本帖最后由 王霁良 于 2016-9-14 21:41 编辑
也谈诗的特征
诗是什么?有个古老的说法叫“诗言志”,《左传·襄公二十七年》里赵文子就跟叔向说“诗以言志”,后来的诗家觉得总这么“言志”也不行,魏晋时的陆机又提出过“诗缘情”,但这个真情外化也没说透彻。

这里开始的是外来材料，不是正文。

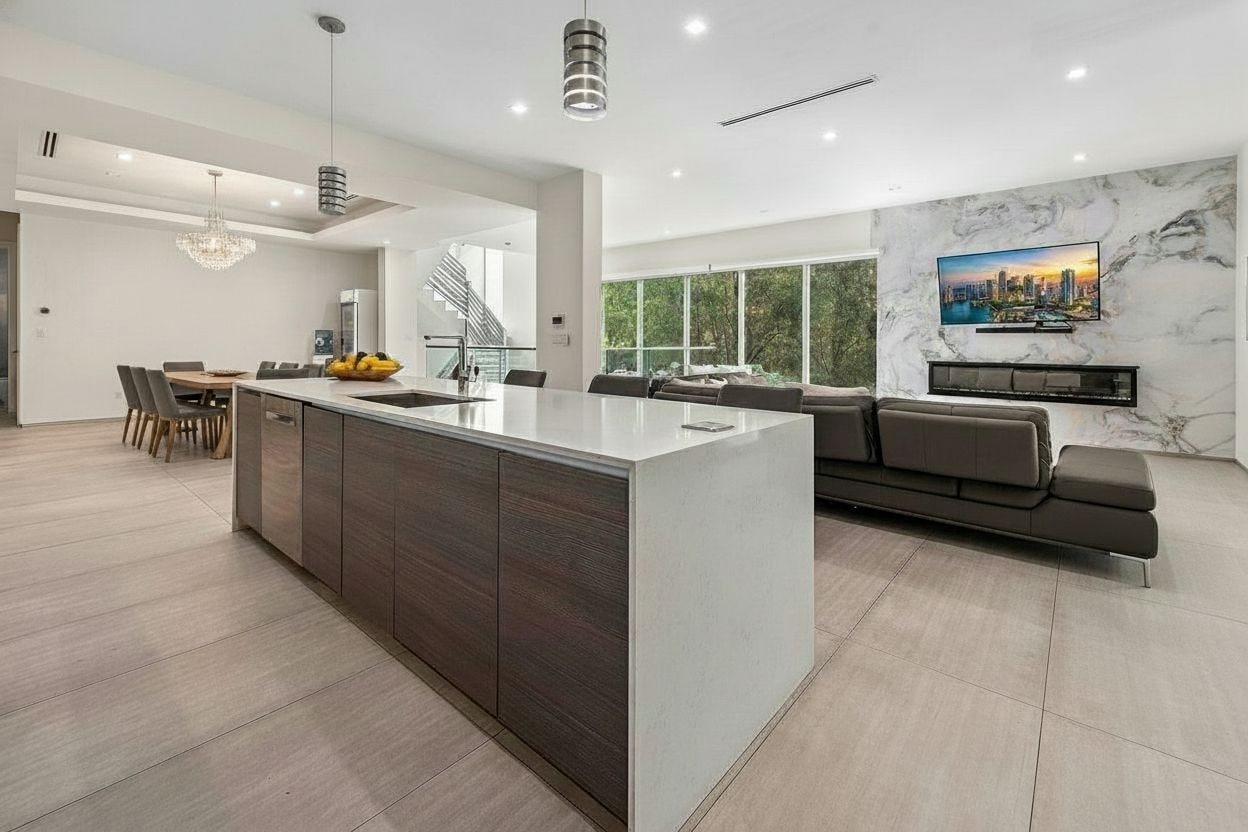 A modern kitchen with a central island, dining area, and a living space with a sofa and TV.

世纪初,云南诗人于坚提出了“诗言体”,为了立得住他的这个“体”,大批了一通“诗言志”之谬,顺带则抨击所谓知识分子写作。在他看来,“大诗人是自成一体,小诗人是自得一志,”而这个“志”完全是形而上学的,“没有身体的诗歌,只好抒情言志,抒时代之情,抒集体之情,阐释现成的文化、知识和思想,巧妙地复制。”在《诗言体》这篇长文里他还说,“六十年代的文化大革命,在我看来,乃是一场镇压身体的革命。在这场革命中,志,获得了空前的至高无上的地位,其地位至今依然牢固,余孽辈出。”

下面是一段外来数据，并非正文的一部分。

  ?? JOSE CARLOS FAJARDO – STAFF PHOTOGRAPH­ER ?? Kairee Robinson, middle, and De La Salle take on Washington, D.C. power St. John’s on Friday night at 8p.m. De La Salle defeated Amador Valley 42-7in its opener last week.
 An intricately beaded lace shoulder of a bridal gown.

诗当然不是处处要言志,伊沙的《车过黄河》,是有些后现代特征的,你说他言的什么“志”呢?“等了一天一夜”想看黄河的结果竟是厕所里那一泡尿,车已过了黄河,什么也没看到,这诗不免让人思索我等怀抱的理想,已经早早流去,但到底是我们远离了理想,还是理想抛弃了我们?
如果回头看,就是“言志”的诗,也往往流于形式,实无多少新鲜内容。评论家杨守森就认为像梁小斌的《中国,我的钥匙丢了》,艾青的《鱼化石》,牛汉的《华南虎》等观念太露,取意平庸,称不上好诗。至于刘大白的《卖布谣》,刘半农的《教我如何不想她》,郭沫若的《凤凰涅槃》、《炉中煤》、《天狗》,更是失之空泛、意蕴浅显,所得盛誉超出了其作品的实际。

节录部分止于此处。